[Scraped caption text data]
────────
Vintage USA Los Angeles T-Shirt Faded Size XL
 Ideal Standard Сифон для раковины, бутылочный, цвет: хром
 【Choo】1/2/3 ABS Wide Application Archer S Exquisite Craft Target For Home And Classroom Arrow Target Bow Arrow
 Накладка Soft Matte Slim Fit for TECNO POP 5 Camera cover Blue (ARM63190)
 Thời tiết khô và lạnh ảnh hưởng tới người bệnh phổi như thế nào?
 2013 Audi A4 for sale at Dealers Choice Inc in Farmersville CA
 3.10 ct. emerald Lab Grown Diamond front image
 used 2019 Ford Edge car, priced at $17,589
────────
→ **Problem to solve**: Would you print all of the entries exactly as they stand?

→ **Reply**:
Vintage USA Los Angeles T-Shirt Faded Size XL
 Ideal Standard Сифон для раковины, бутылочный, цвет: хром
 【Choo】1/2/3 ABS Wide Application Archer S Exquisite Craft Target For Home And Classroom Arrow Target Bow Arrow
 Накладка Soft Matte Slim Fit for TECNO POP 5 Camera cover Blue (ARM63190)
 Thời tiết khô và lạnh ảnh hưởng tới người bệnh phổi như thế nào?
 2013 Audi A4 for sale at Dealers Choice Inc in Farmersville CA
 3.10 ct. emerald Lab Grown Diamond front image
 used 2019 Ford Edge car, priced at $17,589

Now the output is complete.